The caption of the hearing before the ALJ was “DEPARTMENT
OF REVENUE AND HAYDIE MARQUEZ, Petitioners, vs.
CALIXTO MANUEL LOPEZ, Respondent.” After the hearing, the
ALJ filed the Order, which ordered Lopez to pay current and
retroactive child support and which offered any party “who is
adversely affected” by the Order the right to appeal to this court.
See also § 120.68 and 409.2563(10)(a), Fla. Stat. DOR appealed,
without explaining how it, or Marquez, was “adversely affected” by
this Order. Lopez did not appeal or cross-appeal.
On appeal to this court, the only argument DOR makes in its
initial brief is that the ALJ erred in calculating retroactive support
because it “charged [Lopez] twice” for his June 2017 income. DOR
does not describe how this alleged error adversely affects it or
Marquez. It appears instead that the alleged error adversely
affects Lopez, who neither objected to the alleged error below, nor
appealed the Order, nor even filed an answer brief.
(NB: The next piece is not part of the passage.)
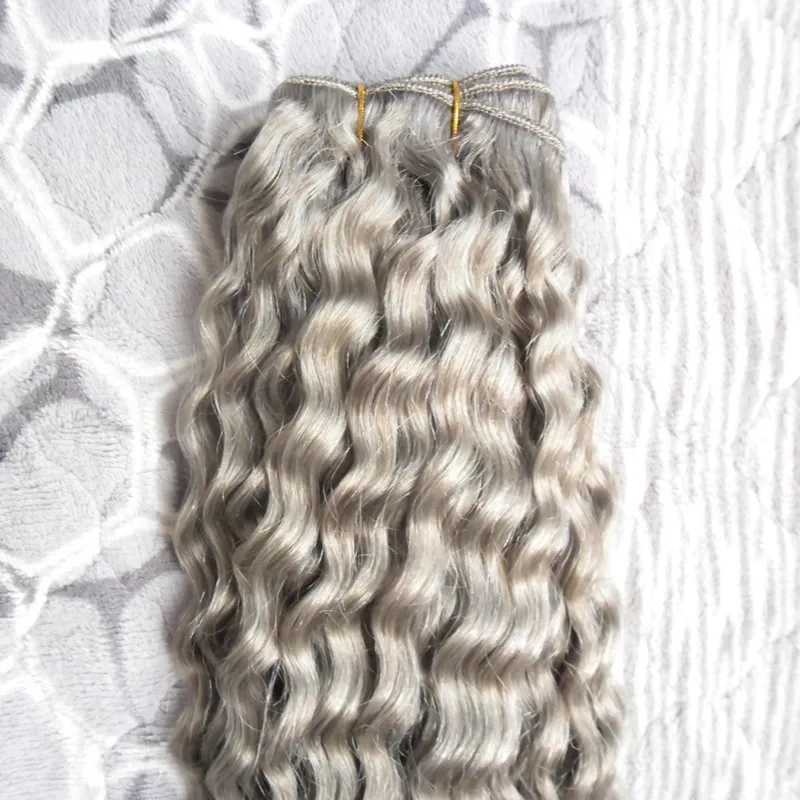 Grå hår väv 100g Brasiliansk Kinky Curly Virgin Hair Silver Hair Extensions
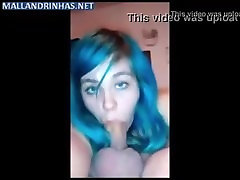 blowjob Brazilian deepthroat bbc cum in mouth blue hair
If Lopez appealed this alleged error, this court would have
rejected the appeal because he failed to preserve the error for
review. See Alfred v. Dep’t of Revenue, 204 So. 3d 583, 585 (Fla. 4th
DCA 2016). We should not ignore Lopez’s lack of preservation
simply because DOR raises the unpreserved error itself. See Davis
v. Dep’t of Revenue, 221 So. 3d 790 (Fla. 2d DCA 2017) (declining
to accept DOR’s concession of error due to “Mr. Davis’s failure to
participate at any point in the proceedings below”). An appellant
cannot “concede error” on behalf of the appellee when that error
has never been raised by appellee. I would reject any such
concession and affirm the order under review.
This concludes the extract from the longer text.